From this distance, out on the water, the whole city comes alive in miniature.
Toy cars crawl along PCH and up the California Incline; Lilliputian joggers
move along the bike trail.
All of this happens in near silence. At sea the only sound is the rush of water
against the hull and occasional riffle of a sail.
Captain Rob, sturdy and sun-baked by much of a life out here, is
at the helm. He is guiding his 28 foot sailboat - which also serves
as his permanent home - over the gray-green swells. We are moving
along at only three knots, which on land is about traffic jam speed
but which out on the open ocean feels like you are soaring.
The Lens is trolling a small lure behind the boat with a fishing rod, trying
to tempt a barracuda to strike. All the while, I try to imagine
what the bottom of the ocean looks like.
Oceanographers tell us it is basically an extension of the topography, only
under water. Captain Rob’s electronic depth finder charts an ocean floor
much like pre-civilization San Fernando Valley: hills, bluffs, deep gulleys,
rock-strewn slopes.
Occasionally we pass clumps of free floating kelp trailing their emerald green
tresses through the water. These are small oases where fish often congregate.
I retrieve the lure and cast it towards the kelp hoping something will bite.
Captain Rob tacks his boat, the Alomar, into the wind, going out as far as
we can without having to run the gauntlet of massive container ships heading
for Long Beach, and then tacking us back so close to shore that we can make
out the occasional honks of cars.
We converse and debate as we typically do: about books, politics, bio-diesel,
World War II history, the current presidential race and conspiracy theories.
Captain Rob is one of the smartest, quickest, best-read men I know, and a delightful
raconteur, and he runs entertaining rings around me.
But most of the time we listen to the small rhythmic sounds that you can only
get while sailing out on the Bay.
Around midday, Alomar comes across what at first looks like a black surfboard
resting upside down just below the surface of the water. We glide past the object
and discover it is a blue shark basking in the sun. Startled by our presence,
the six-footer dashes to the depths with a single swerve of her tail.
Later, Captain Rob points to what looks like a handful of cellophane candy
wrappers scattered across the water. In fact, it is a pack of transparent, gelatin-like
vellelae, among the very smallest of jellyfish.
They are no larger around than daisies, and they don’t swim; they sail.

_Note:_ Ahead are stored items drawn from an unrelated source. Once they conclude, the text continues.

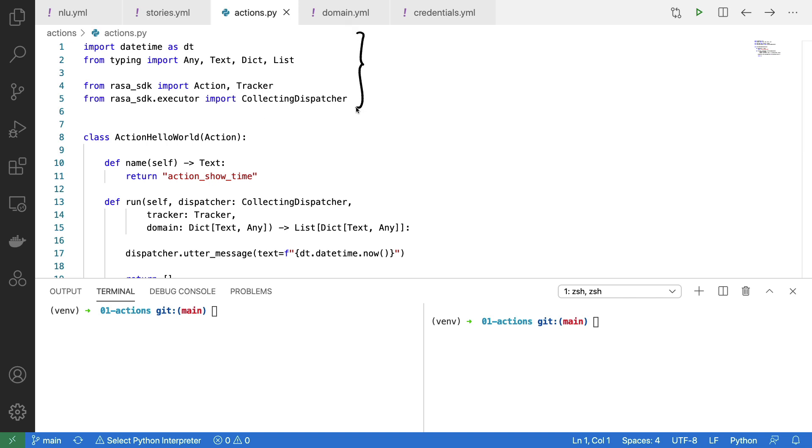I'm importing a couple of dependencies, and then I have my action below here.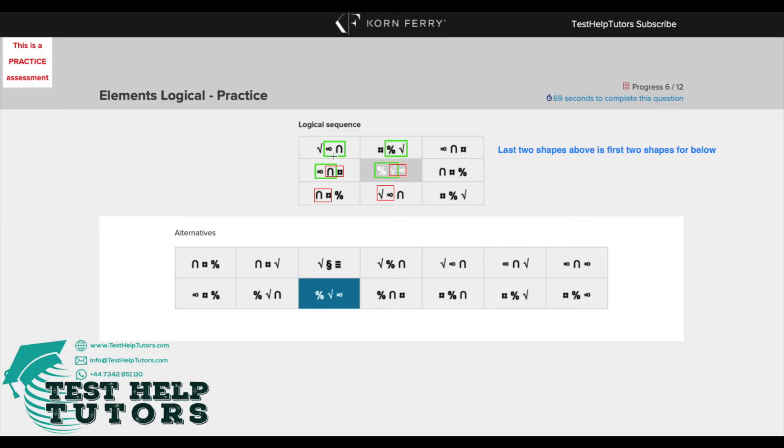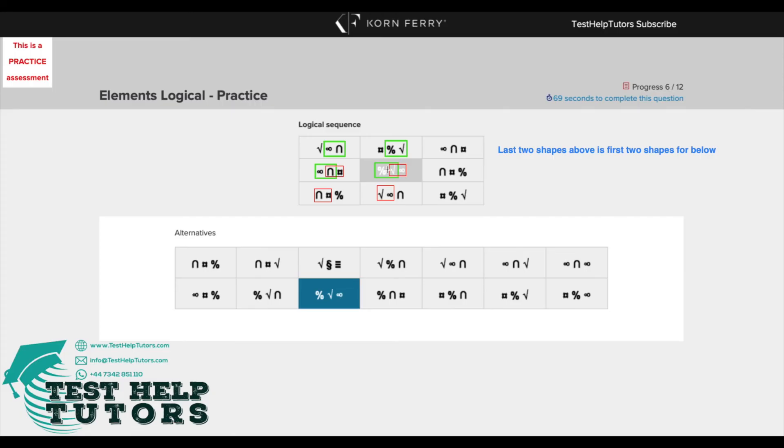Realizing this pattern straight away would allow us to figure out what this missing piece here would be. This would just be a combination of these two here and this first one here. So we're going to have a percentage sign, a root sign and an infinity sign. Percentage sign, a root sign and an infinity sign. So our answer has to be this one here.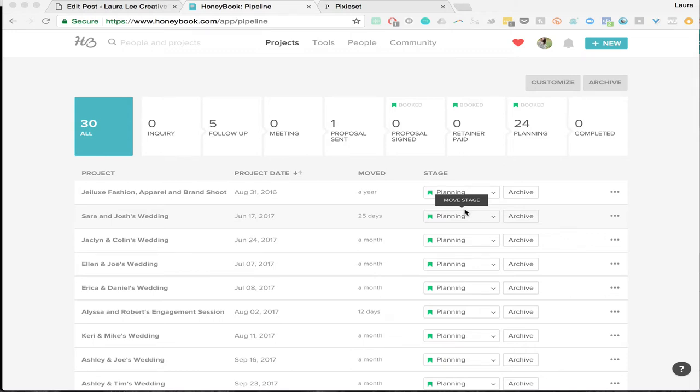Hey guys, so I wanted to give you a quick run-through of how I HoneyBook, and I just want to preamble this by saying that I have tried so many different client management systems. They have made leaps and bounds and so many changes, and they just listen to their clients like there's no tomorrow, and they make changes so quickly to the product and are constantly making it better.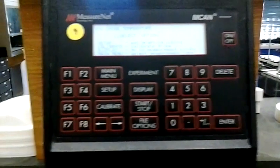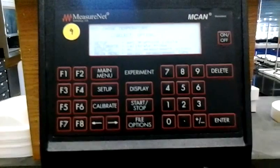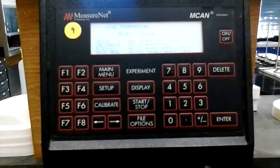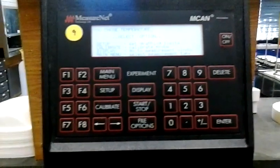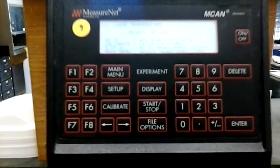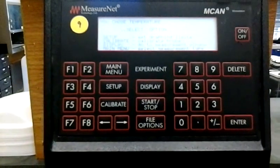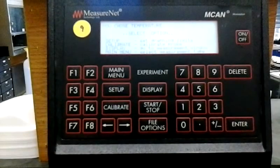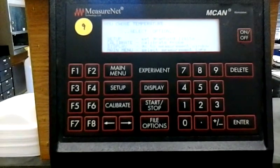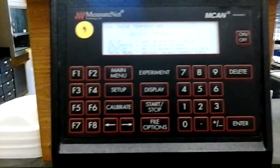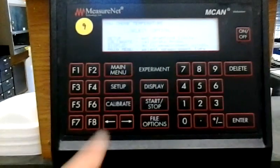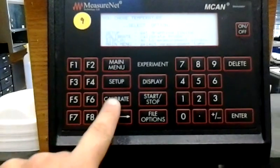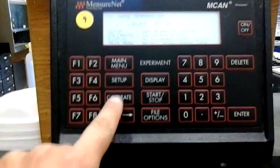And now it gives you a set of four different choices. You can have setup, you can calibrate, you can display, or you can go back to the main menu. So what we're going to do is we're going to calibrate our temperature probe. So you need to hit the calibrate button here.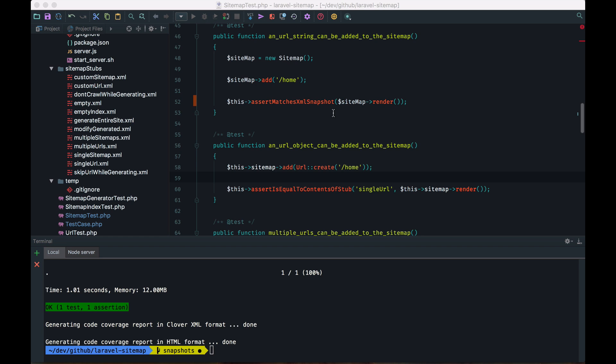So I hope you can see the value in this. You don't need to create stubs manually anymore. If I take a look at this folder, I previously took some time to create all of these stubs manually. And with snapshot testing, I just don't need to do that anymore.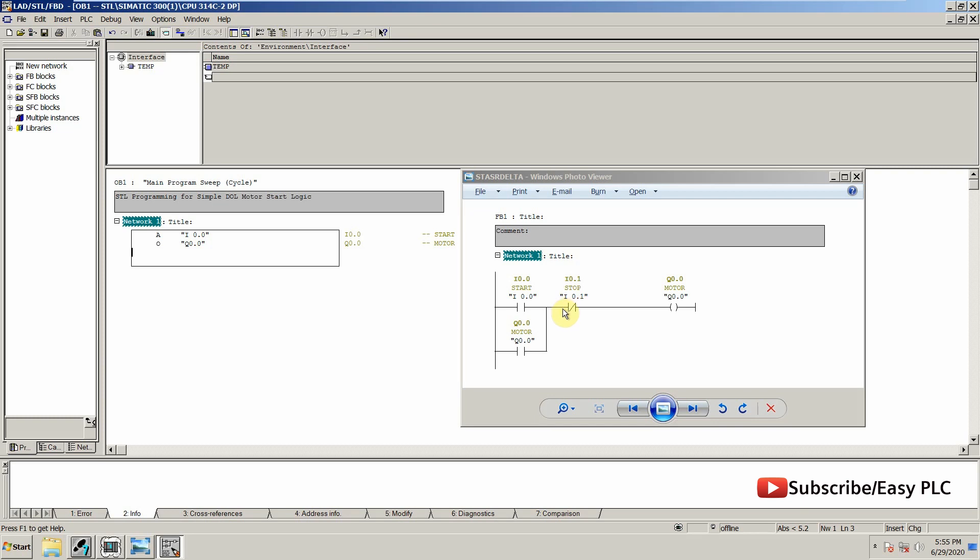So AND will be used to make this contact in series with this whole thing, and NOT will be used to invert this bit. So A N I0.1.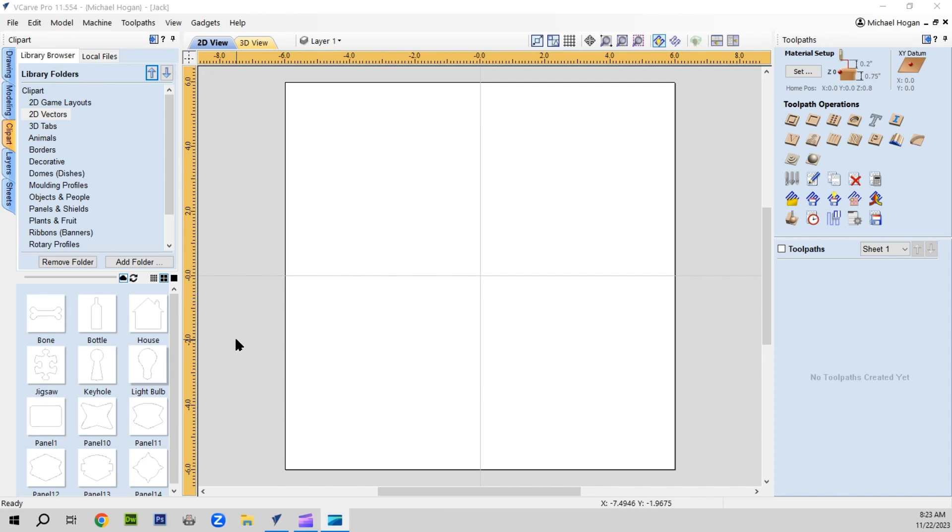Hello and welcome to SharkCAD CNC. Today we're going to talk about 2D vectors. Have you ever wanted to be able to save the 2D vectors onto your computer so you can choose them from the clip art files?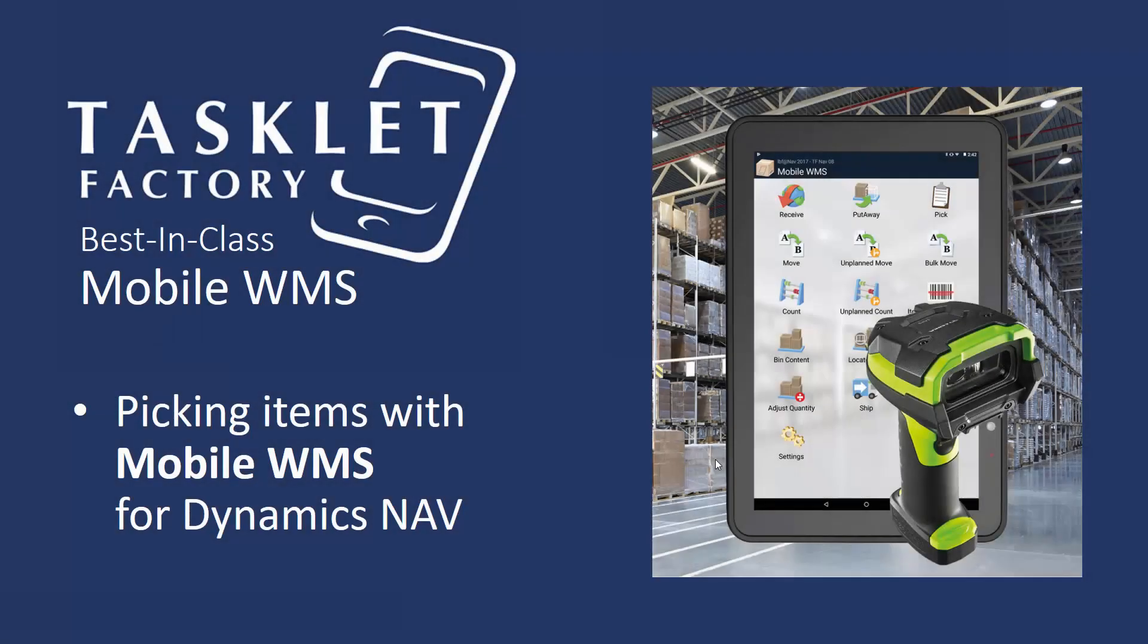So that was how you can pick items for a shipment using the Mobile WMS solution for Dynamics NAV. Thanks for watching.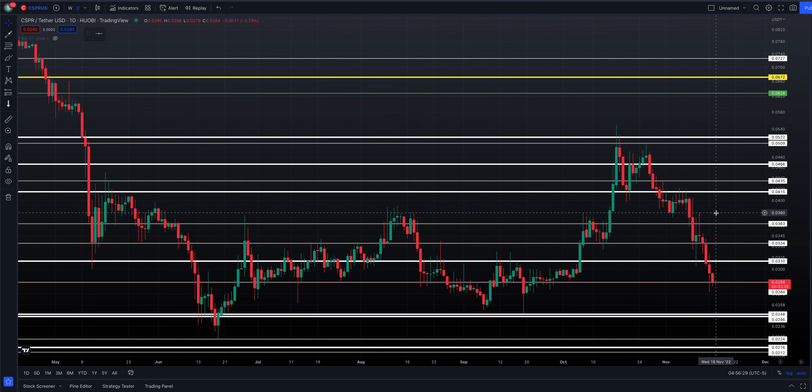So I want to lay out two worst case scenarios — not to start the morning off in a negative manner by any means, just to share two worst case scenarios here for Casper if things start to unfold even further to the downside.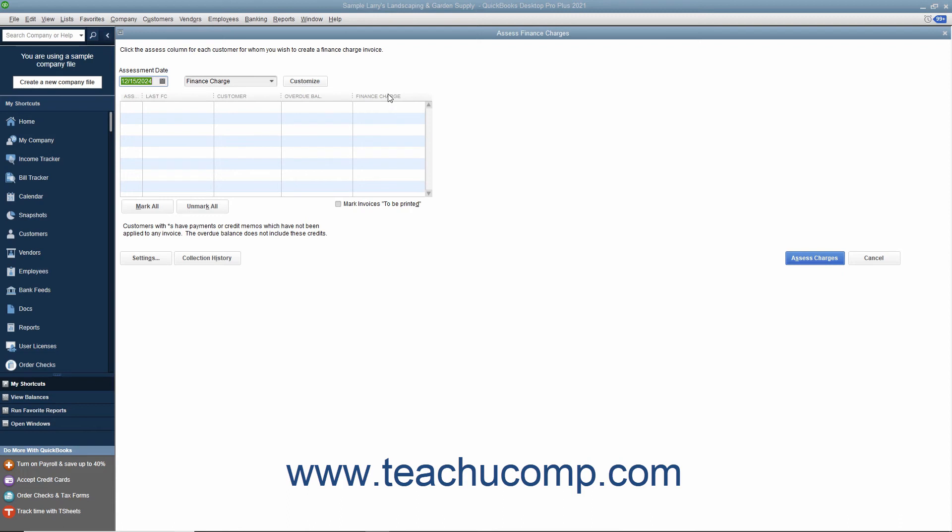The finance charges appear within the rightmost Finance Charge column. They are calculated based on the default finance charge settings you created within the Preferences window. You can change the amount shown by simply typing the desired amount to charge into this column if needed. When you are ready to assess the finance charges shown, click the Assess Charges button to assess the charges and return to the Create Statements window again.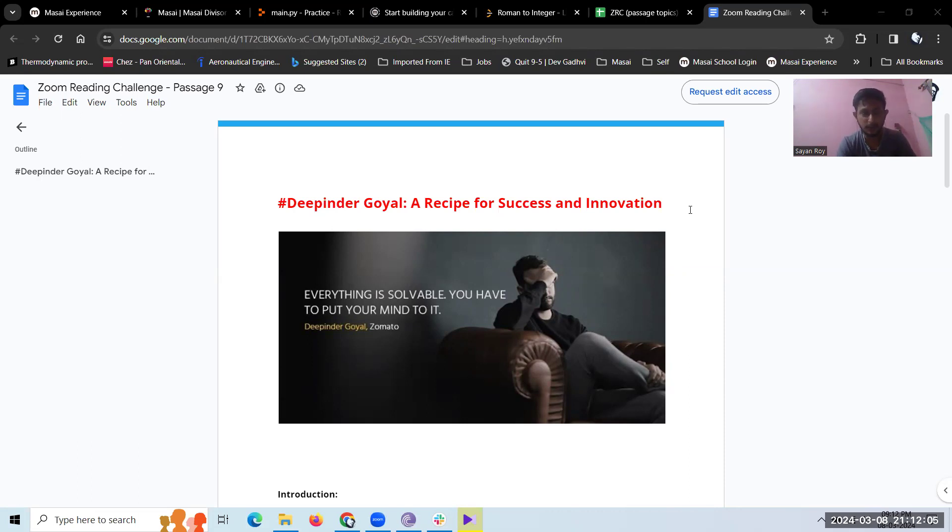Good evening everybody, ZRC Passage 9, Deepinder Goyal, a recipe for success and innovation.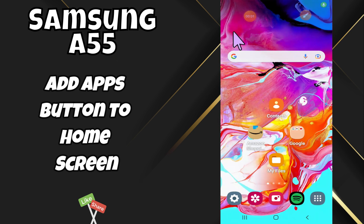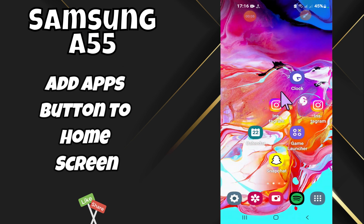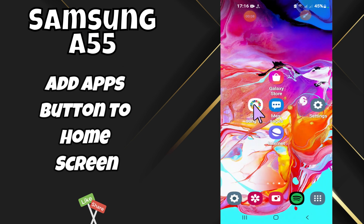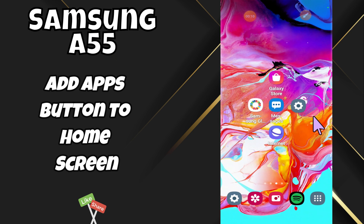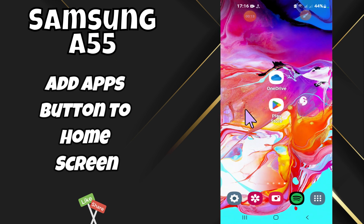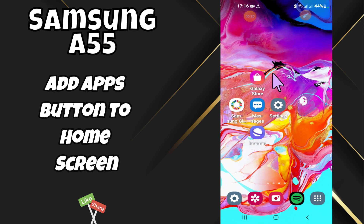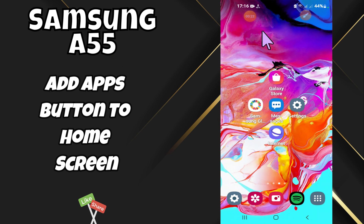Hi everyone, in today's video I'll show you how to add the Apps button to the home screen on your Samsung Galaxy A55. Before we move to the video, if you are new to my channel, don't forget to subscribe and hit the bell icon. Watch the complete video and learn how you can do it. Let's watch the video.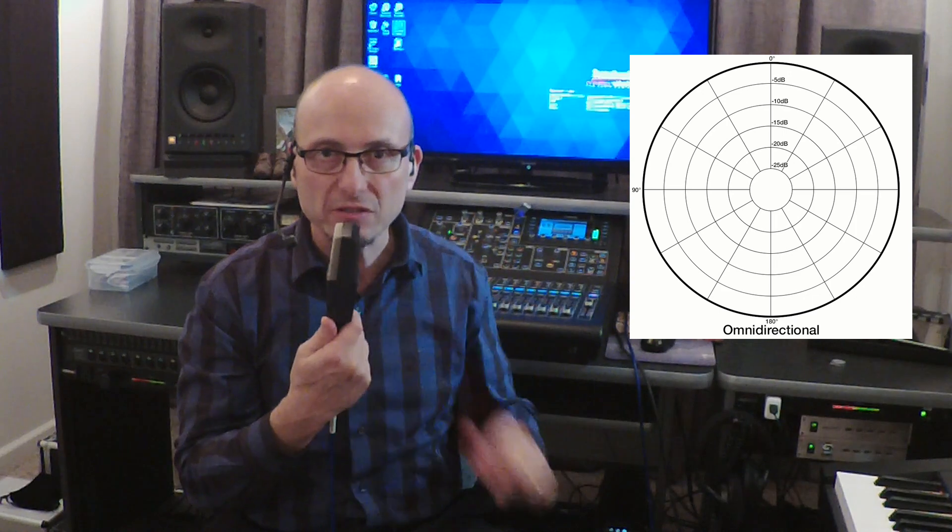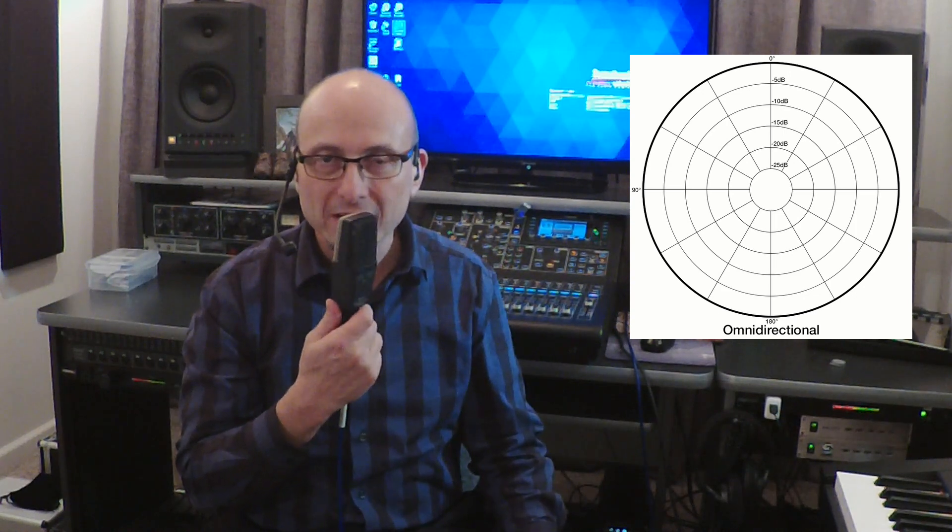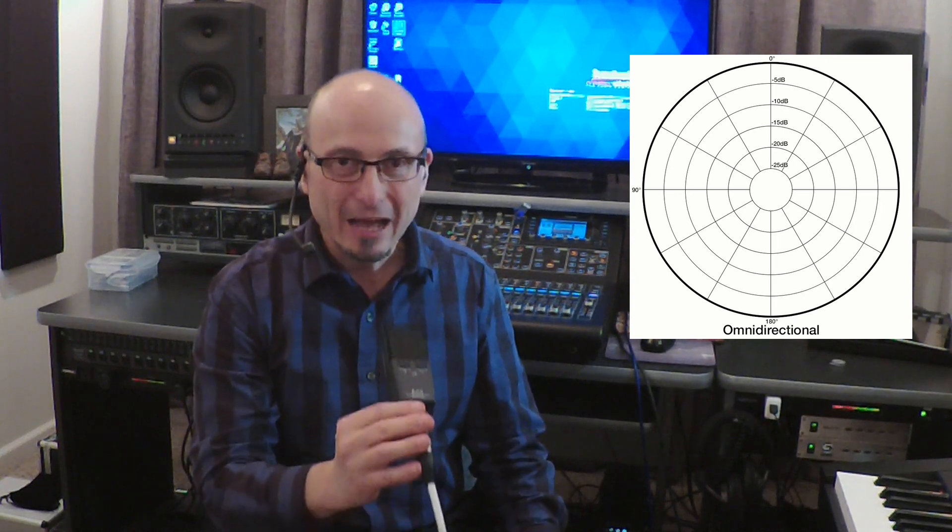I am in omni now. You can really hear what's happening — in omni it's pretty even all the way around, and even where the physical body of the microphone is, the response is really pretty even. As I come down here it's really not changing much. It's pretty much picking up everything all the way around. Even up here I'm getting pretty good response — a little bit of change in frequency response but certainly nothing dramatic.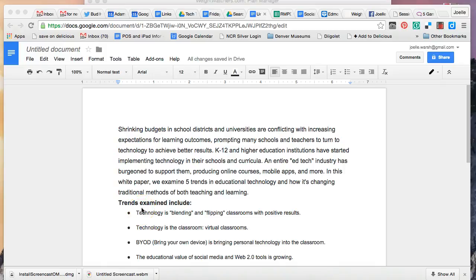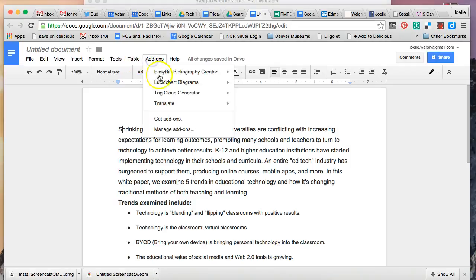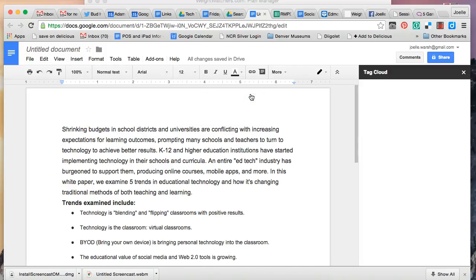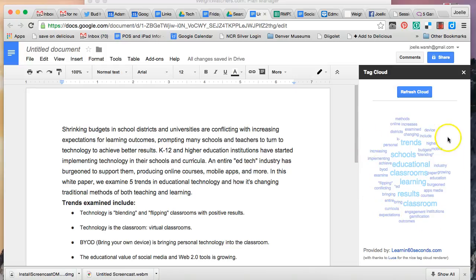If you are familiar with what a word cloud is, you can create a similar thing using an add-on called Tag Cloud Generator. It will create a tag cloud from a Google Doc that has 50 words or more, simply by clicking on 'Create Tag Cloud' while you're in the Google Doc. This brings up a tag cloud in the right-hand panel of your screen.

Each has a dorsal fin designed to leverage the wind. The position in which this
sail develops determines whether the little creature will spend its life being
blown across the surface of the Pacific Ocean by a clockwise or counter-clockwise
route.
By late afternoon the wind has picked up, and spray is hitting our face as the
bow of the Alomar digs into the chop. Other vessels – big, expensive sailing
yachts, rumbling power cruisers – cross our path, disappearing and reappearing
behind large swells. Captain Rob decides it’s time to turn back to port.
On the way in we can make out the crowd on the pier, but we can’t hear
them. We can only hear the screeches of squabbling seabirds, perhaps
a good mile away, and the small hush of waves hitting the bow.